For a little help discovering what your customers’ pain points are, read this post from Copytactics. Once you create content around those pain points, use it to power a robust social media presence focused on problem-solving content.
3. A well-worn path
Creating a well-worn path begins with laying out a clear course for people to follow during the buying process. It’s not enough to create advertisements and put information on your website for people to find. Instead, the best marketing strategies gently nudge buyers down the funnel in a calculated, predictable way.
The biggest messages are aimed at attracting attention and presenting your solutions, and the most detailed messages reassure readers that you’re the one. They also tell a potential customer exactly what action to take next in the form of a call-to-action written in the first person so readers feel in charge. In fact, according to this Unbounce post, one company was able to boost the effectiveness of their call to action by 90 percent just by changing it from “Start your free trial” to “Start my free trial.”
Creating a map of your customer’s journey can be a complex process. To make mapping more organized (and even a little fun), check out this collection of journey mapping tools from Service Design Tools.
4. Specific, measurable goals
“Get more sales” is not a specific, measurable goal. While you can certainly see if your overall sales have gone up in the last 30 days, it will be difficult to attribute that change to any particular segment of your strategy without considering a few other metrics as well.
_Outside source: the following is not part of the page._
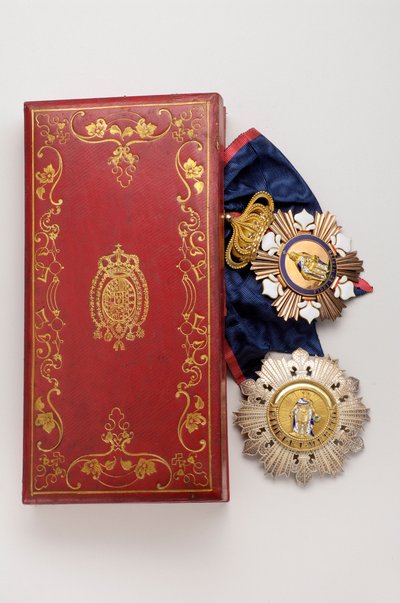 Koninkrijk der Beide Siciliën (Beide Siciliën) - Orde van Sint Ferdinand en Verdienste: insignes van een ridder grootkruis behorend tot een lid van het Groothertogelijk Huis van Baden - Midden 19e eeuw - Goud, zilver en email; wapenkist van het Koninkrijk door Anonymous Anonymous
When 93 percent of marketers say they are under pressure to deliver a measurable ROI (Leapfrog Marketing Institute) and 50 percent find it difficult to attribute marketing activity directly to results (Forrester), you can see the importance of setting goals that are measurable and attributable to your marketing efforts.
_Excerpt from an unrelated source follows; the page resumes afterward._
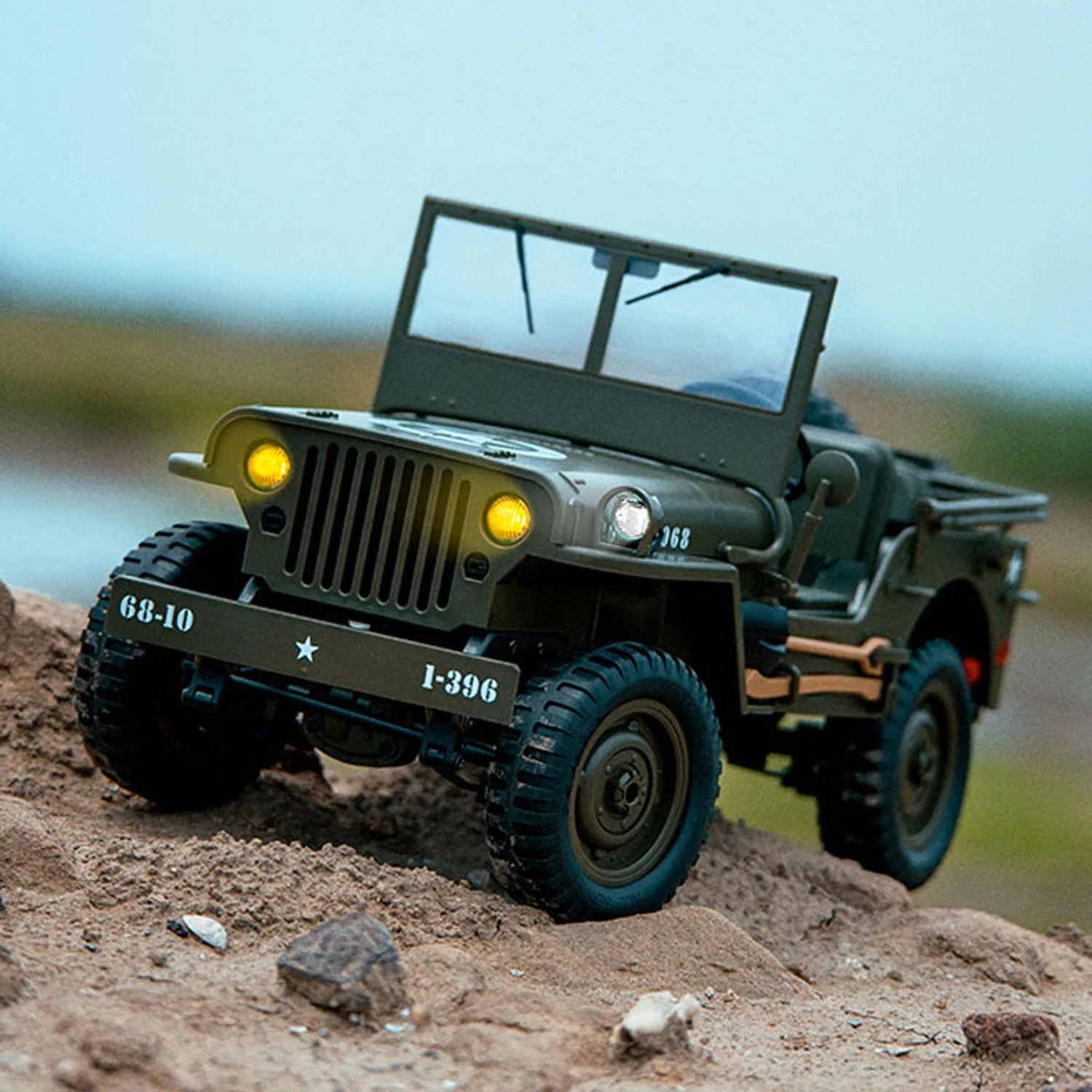 1/10 RC Off Road Vehicle C8815 4WD Remote Control Rock Crawler Car Military Truck Model Climbing Car RTR LED Lights Toy for Boy
1/10 RC Off Road Vehicle C8815 4WD Remote Control Rock Crawler Car Military Truck Model Climbing Car RTR LED Lights Toy for Boy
Instead of broad goals, set smaller, more targeted goals that can be measured at various stages of the customer’s journey to measure the overall effectiveness of your strategy. Specific goals could include:
- Boosting new website visitors or email clicks
- Increasing visits to a landing page
- Converting more visitors using downloads, free trials or other premium content
When you have multiple goals to meet at various points in the buying process, you’ll be able to identify where you’re doing well and at which point you are losing the most potential customers — and then you can refocus your efforts.
5. A content engine
Today’s successful marketing strategies include a whole lot of written content that is destined for blogs, emails and premium downloads. This content not only needs to be created and distributed, it also needs the ability to multiply for successful channels and provide a reliable, steady stream of information for interested readers.
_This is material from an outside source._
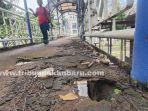 sudah_setahun_rusak_jpo_di_jalan_sudirman_ini_tak_kunjung_diperbaiki_lantainya_sudah_keropos.jpg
If the thought of writing a novel’s worth of content on a regular basis makes you nervous, take a page from the marketing pros and learn how to repurpose and repackage your content so it’s fresh and useful without reinventing the wheel. For example, an ebook that is meant to be a premium download can also be broken down into several blog posts. The reverse also works — look for blog posts with similar topics and repackage them as a whitepaper or an ebook. This post from Quick Sprout features additional suggestions for repurposing content.
Bring it all together
The most successful marketing campaigns center around the customer’s experience. They begin with a problem and a solution, and everything else is built around presenting this solution in a way that is helpful and informative to the reader. They present a clear path and anticipate possible sticking points to work out the kinks ahead of time. Lastly, they are scalable: to keep costs in check while still being able to ramp up, the most successful marketing campaigns use and reuse content and materials to continually provide useful, fresh information to help people choose the right solution for their problems.